One consequence of cirrhosis is portal hypertension which causes massive internal bleeding and for a haemophiliac results in vomiting copious amounts of blood.

On the last occasion in June after a fortnight as an in-patient at Margate’s QEQM Hospital, I almost became part of the statistic of those who haven’t lived to see the opening of the inquiry.

One of the rare side effects of the new anti-virals is neural sensory hearing loss. I am now slowly and irrevocably losing my hearing.

One of the consequences of portal hypertension has been severe anaemia.

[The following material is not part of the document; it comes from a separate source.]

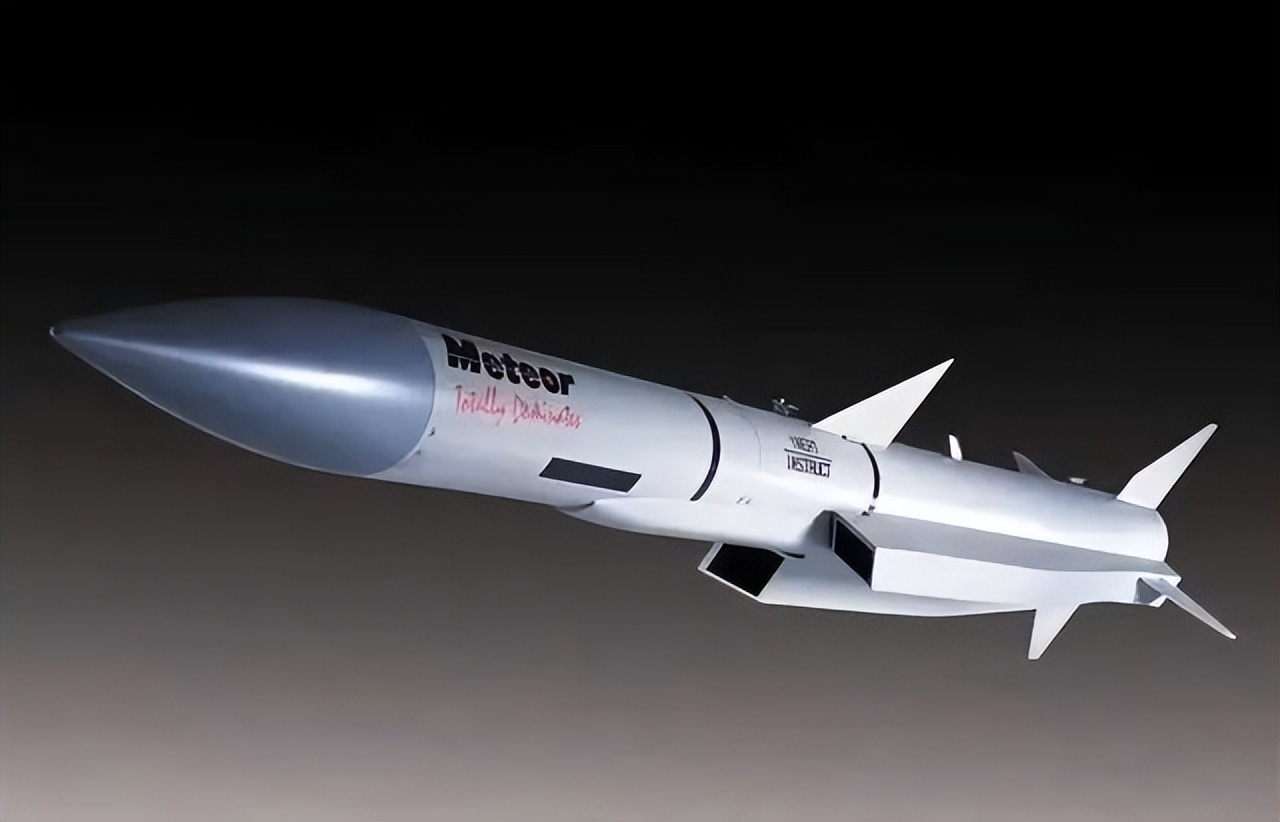 唐驳虎:全面解析歼10空战对手,“阵风”战机为何不堪一击?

"After a fortnight as an in-patient at Margate’s QEQM Hospital, I almost became part of the statistic of those who haven’t lived to see the opening of the inquiry."
"After a fortnight as an in-patient at Margate’s QEQM Hospital, I almost became part of the statistic of those who haven’t lived to see the opening of the inquiry."

We made it to London on the 24th to listen to the two opening statements.

My wife of 40 years has been with me every step of the way. We have been active campaigners since 2015.

Because of my health care problems, we have been unable to participate in the run up to the opening of the inquiry as planned. We missed important meetings and could not remain for the second and third day to hear all the opening statements.

It has been announced that the hearings will resume on April 30, 2019.

The one consolation with this further delay is I can hope to have recovered enough health and strength to participate fully.

We have to believe that I will still be amongst the survivors, along with Jason’s brother Ade, and others in the infected community from across the county, many of whom we have never met.

And that we will still be there when a brother’s promise is finally kept."